LA CRIADA QUE NO LA QUERÍAN
Érase una vez una criada que se llamaba Carolina. Ella
siempre limpiaba el castillo del rey que estaba en la montaña.
Una noche, mientras todos dormían, Carolina vio una ventana
abierta y se escapó al bosque. De repente se encontró con un centauro que le
dijo:
— ¿Por qué te vas? — Porque no me dejan descansar ni comer,
entonces me voy. Pero... no sé a dónde.
El centauro le contestó:
— Si quieres, con mi magia podré enseñarte el castillo de un
rey que necesita una reina.
El centauro desapareció y Carolina siguió su camino. Al poco
tiempo, se encontró con un conejo llamado Pablete, que le dijo:
— ¿A dónde vas? — Voy al castillo del rey —respondió
Carolina. — ¡Pues sigue tu camino!
Carolina siguió su camino cantando:
— La, la, la, voy al castillo del rey, la, la, la.

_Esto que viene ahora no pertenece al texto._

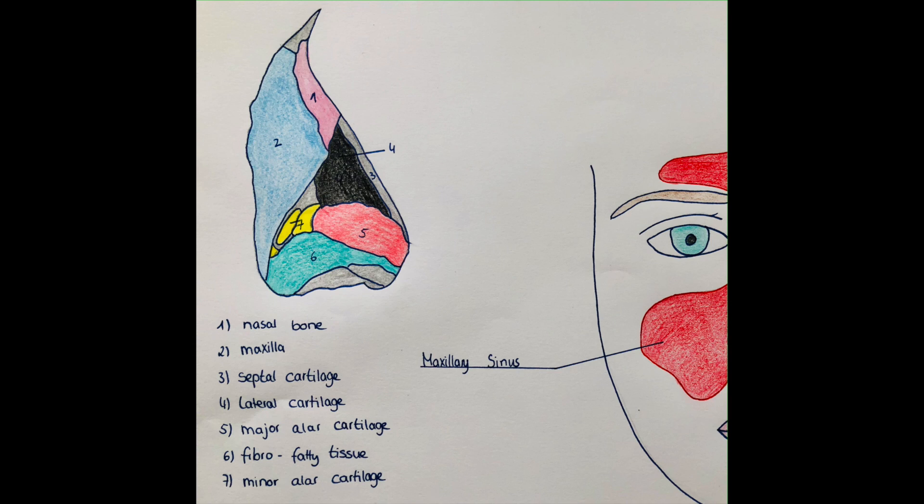The procerus is located on the superior part of the nose and is responsible for elevation of the nose and depression of the medial eyebrows. It also leads to wrinkling of the forehead. Then there's the musculus anomalus nasi, also for elevation of the nose. The levator labii superioris alaeque nasi is located on the lateral aspects of the nose and is for elevation of the nose and elevation of the upper lip.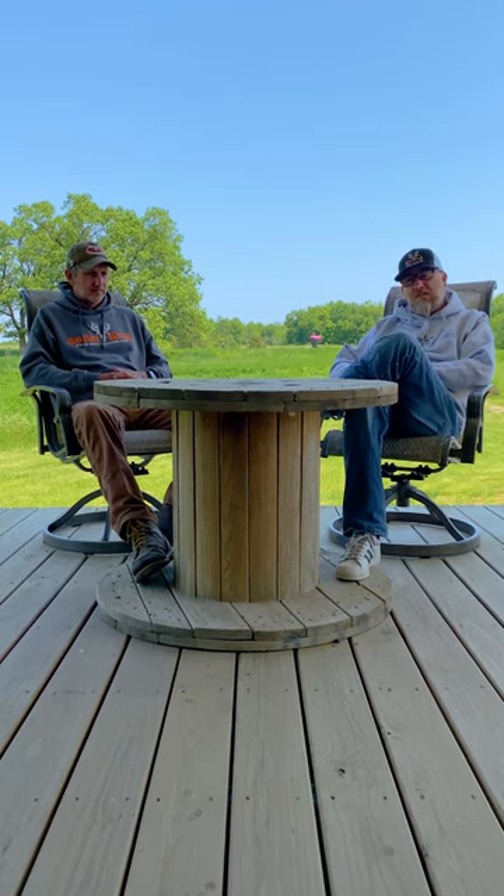Hey guys, we're back with Robbie Pruitt with Antler King, asking him some tough questions. I've been dying to ask this one — spring food plots, fall food plots. Where do you sit on the two?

Siguió su camino pensando cómo podría ser el castillo: de
oro, de plata o quizás de piedra... Todas esas ideas eran geniales, pero se
encontró con un loro y dijo:
— Oh, oh, oh.
Carolina estaba preocupada por si el loro se ponía a hablar,
pero el loro tenía mala cara. Ella no se rindió e intentó espantarlo, pero el
loro no se movía.
Suspiró porque el loro no estaba hablando, y de repente el
loro empezó a hablar y Carolina pensaba que se iba a desmayar del susto, pero
no se rindió, siguió andando y... ¡encontró un mapa!
Era un mapa del tesoro. Carolina lo cogió y siguió andando,
pero se tropezó con una piedra; pero no era una piedra cualquiera: ¡era un
trozo de un volcán!
Carolina se estaba acercando a un volcán y además había
zombis, pero apareció otra vez el centauro y le dijo:
— Toma esta espada y este escudo.
Carolina cogió la espada y el escudo, luchó contra los
zombis y los mandó dentro del volcán. La espada y el escudo se esfumaron.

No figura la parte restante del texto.